Legislative Assembly (France) - History

History

For a detailed description of the proceedings of the Legislative Assembly and related events, see The Legislative Assembly and the fall of the French monarchy.

The 27 August 1791 Declaration of Pillnitz already threatened France with attack by its neighbors. With both King Louis XVI and the majority of the legislature favoring war, albeit for different reasons, this led in April 1792 to the first of the French Revolutionary Wars.

In the early days of the Legislative Assembly, the king vetoed many of their radical measures:

  • Legislation against the émigrés, passed 9 November 1791 but vetoed by Louis.
  • Enforcement of the Civil Constitution of the Clergy: on 29 November 1791 the Assembly decreed that every non-juring clergyman must take the civic oath within eight days, on pain of losing his pension and, if any troubles broke out, of being deported. Louis vetoed this decree as a matter of conscience.

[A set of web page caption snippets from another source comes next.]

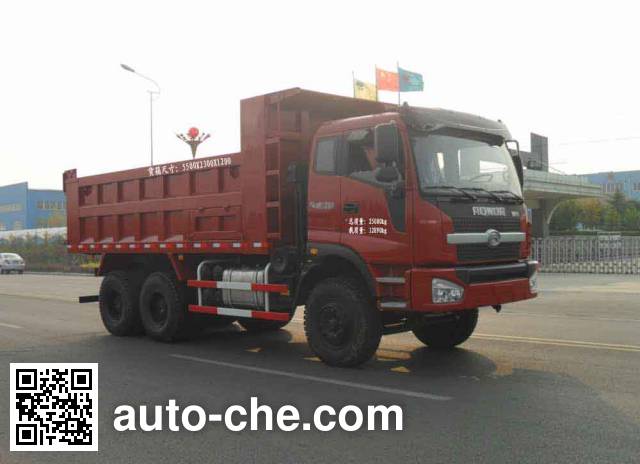 Самосвал Rongwo QW3250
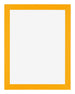 Mura MDF Cadre Photo 18x24cm Jaune De Face | Yourdecoration.fr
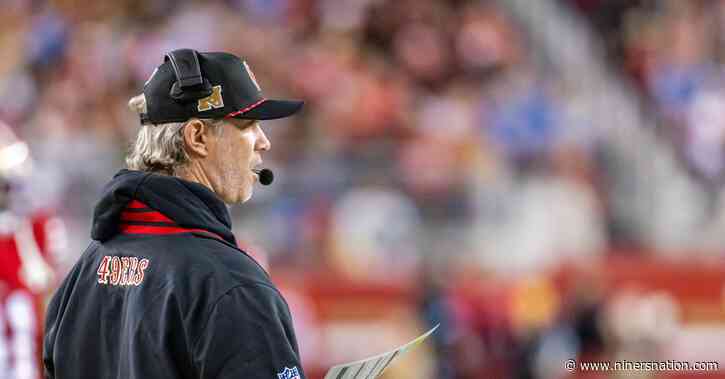 Report: The 49ers are making a change at defensive coordinator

A sparsely populated session of the Legislative Assembly, almost all of them Jacobins, suspended Louis from office and voted that a convention should be summoned to give France a new constitution. At this point, the government of France descended into chaos. The new, anti-monarchical government had no root in law and little hold on public opinion. It could not lean on the Assembly, a mere shrunken remnant, whose days were numbered. It remained dependent on the power which had set it up, the revolutionary Commune of Paris. The Commune could therefore extort what concessions it pleased. It got the custody of the king and his family, who were imprisoned in the Temple. Having obtained an indefinite power of arrest, it soon filled the prisons of Paris. With the invasion of France on 19 August 1792 under the leadership of the Duke of Brunswick, a prison bloodbath ensued, a prelude to the Reign of Terror.

The ensuing elections to the Convention were by almost universal suffrage, but indifference or intimidation reduced the voters to a small number. Many who had sat in the National Constituent Assembly and many more who had sat in the Legislative Assembly were returned. The Convention met on 20 September 1792 and became the new de facto government of France.